### Your objective:
Pictures are to be left out; every line from the one with "24 Morelos Perro abandonado" through the end of the data must be transcribed exactly.

=== Section Start ===

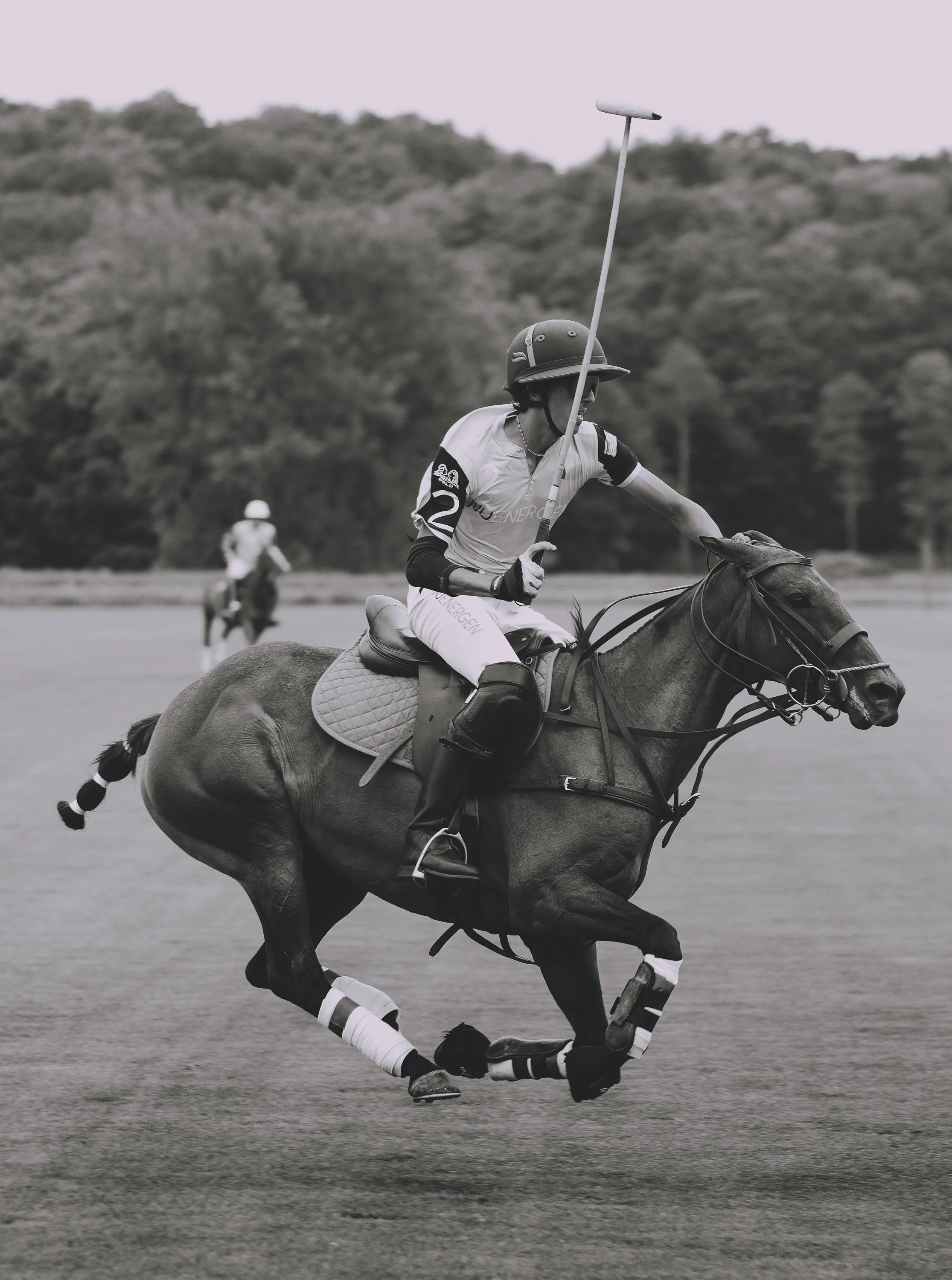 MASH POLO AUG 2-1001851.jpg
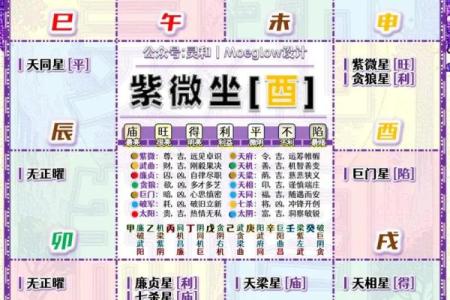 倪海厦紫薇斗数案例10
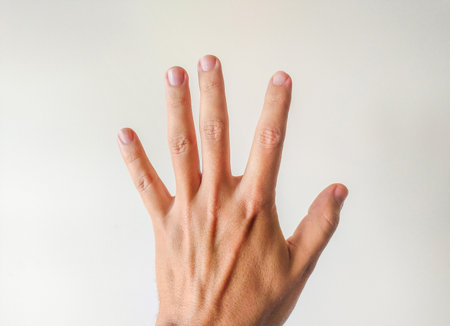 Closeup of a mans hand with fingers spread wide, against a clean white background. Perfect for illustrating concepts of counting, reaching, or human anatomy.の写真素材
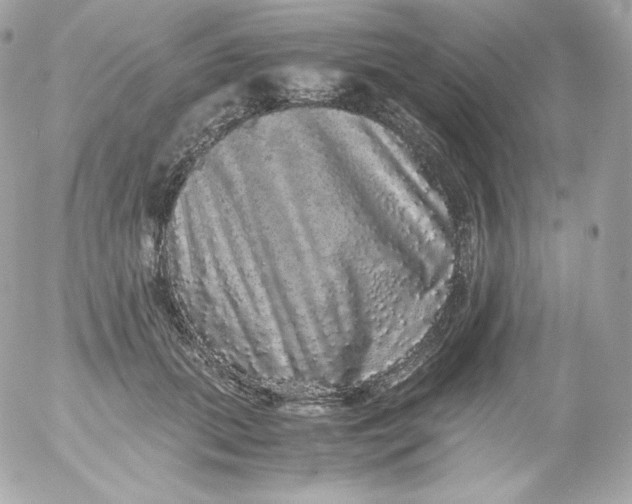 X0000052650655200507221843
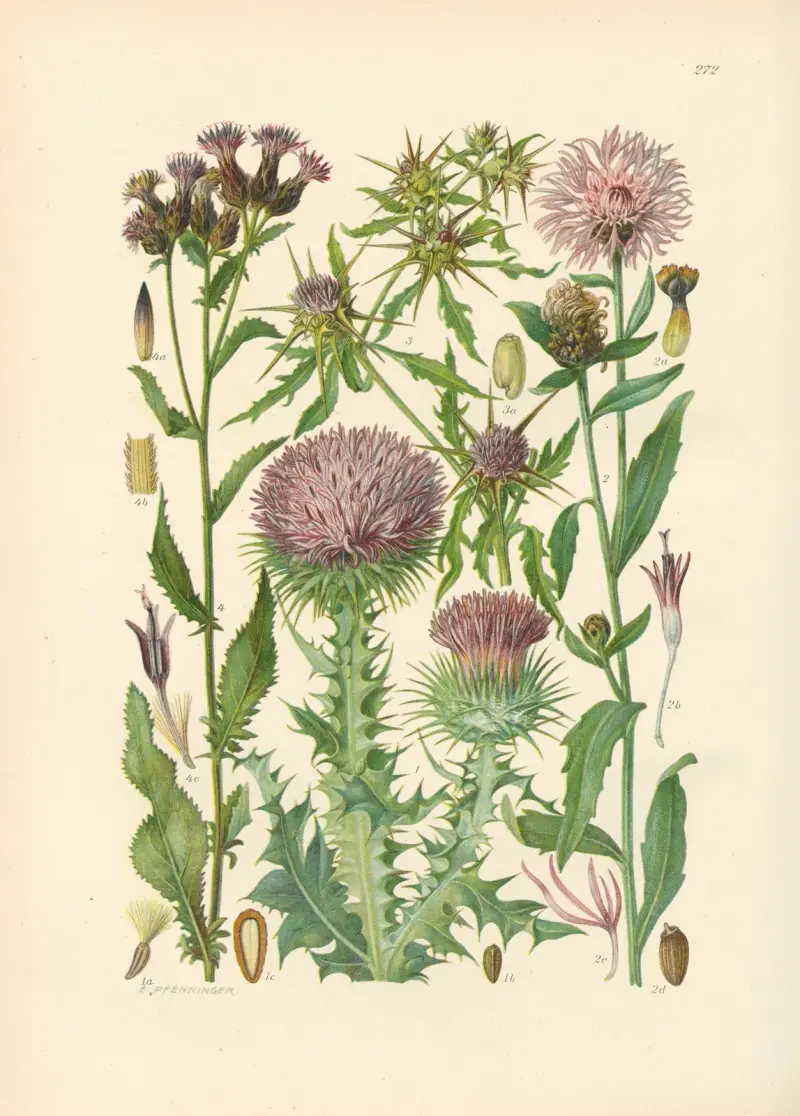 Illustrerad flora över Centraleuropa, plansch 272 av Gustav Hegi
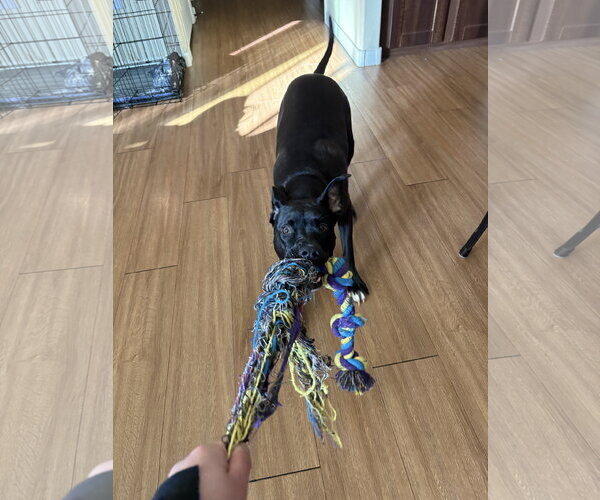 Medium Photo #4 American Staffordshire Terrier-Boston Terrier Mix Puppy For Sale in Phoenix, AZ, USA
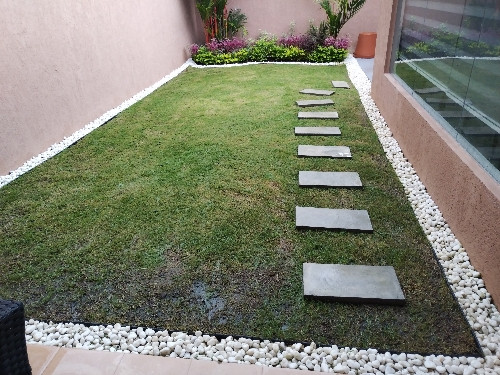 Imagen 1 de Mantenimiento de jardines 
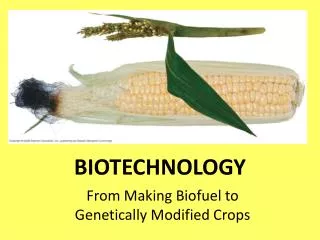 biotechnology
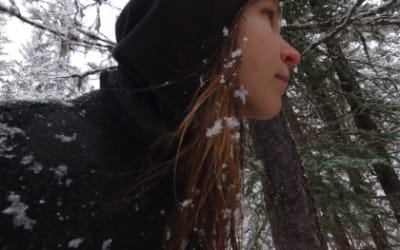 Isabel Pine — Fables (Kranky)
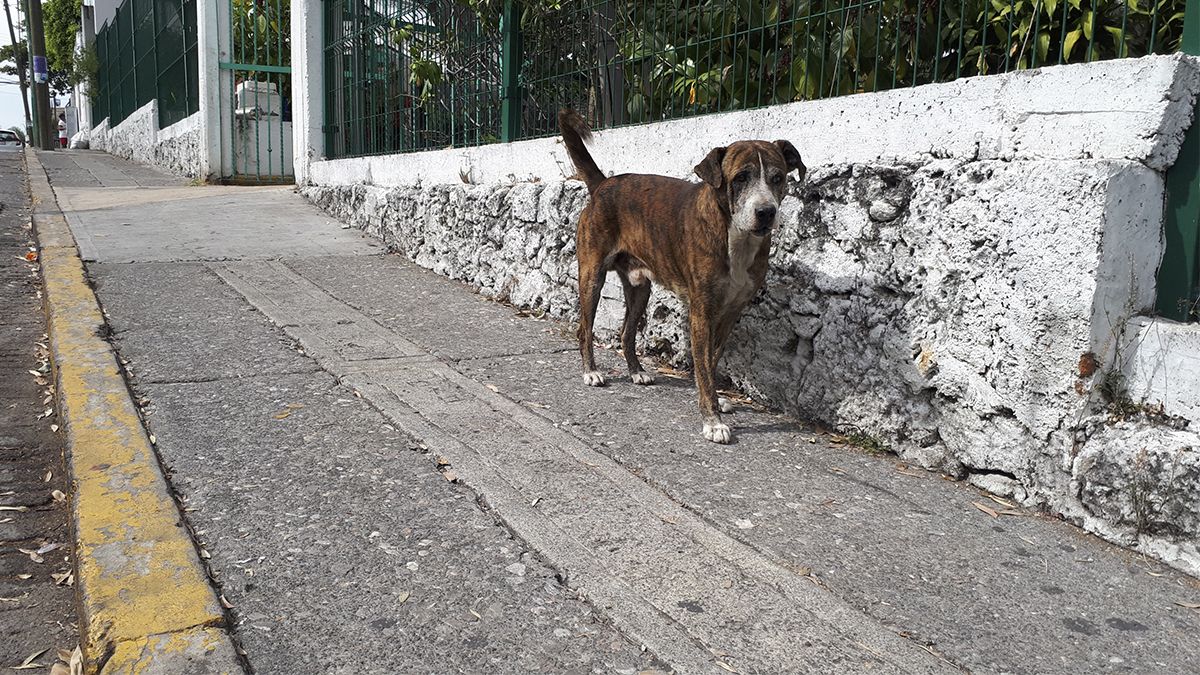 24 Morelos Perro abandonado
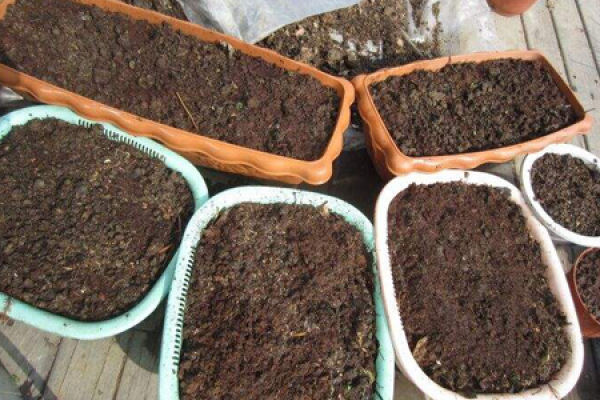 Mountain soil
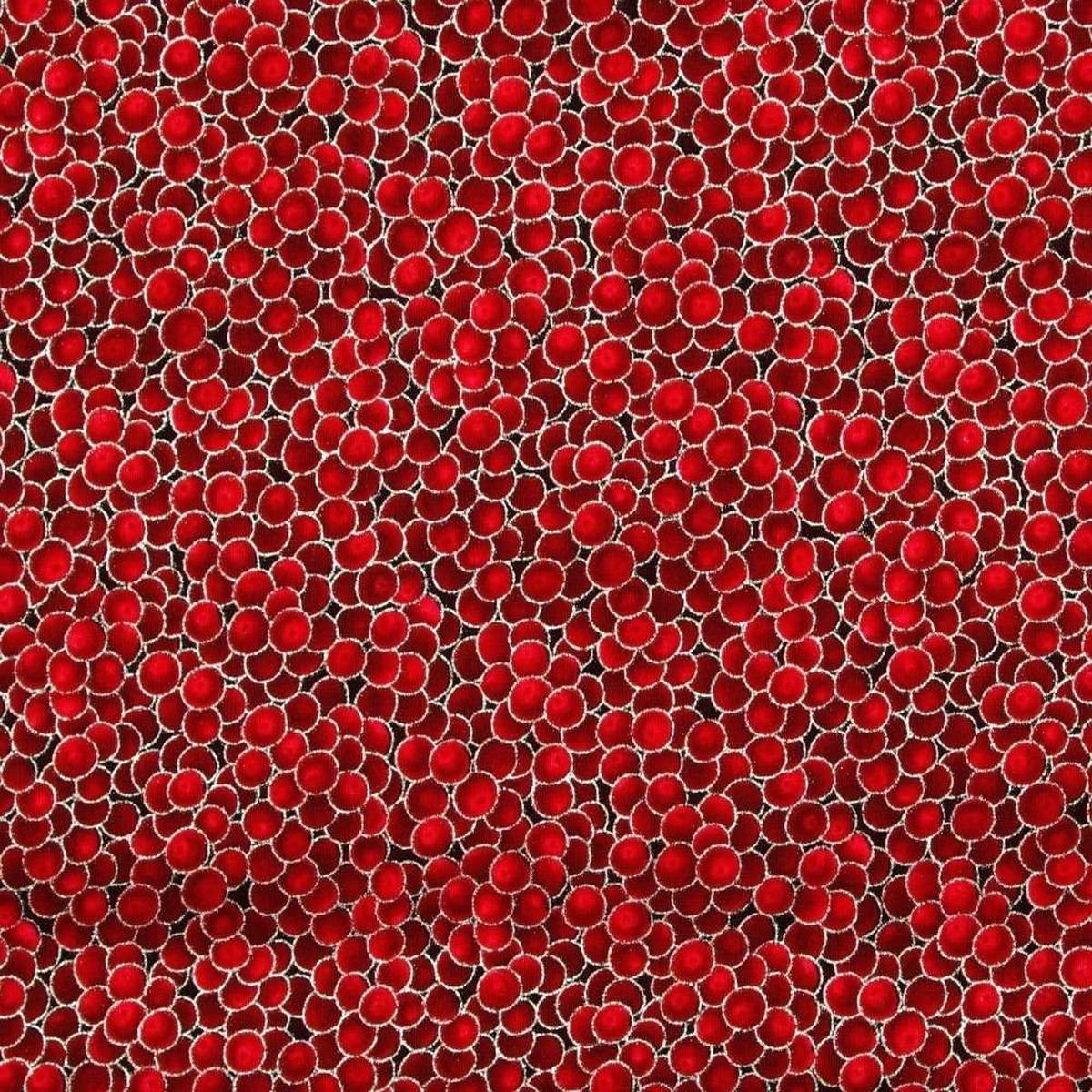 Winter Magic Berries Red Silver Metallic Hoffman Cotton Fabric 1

=== Section End ===

### Worked solution:
 24 Morelos Perro abandonado
 Mountain soil
 Winter Magic Berries Red Silver Metallic Hoffman Cotton Fabric 1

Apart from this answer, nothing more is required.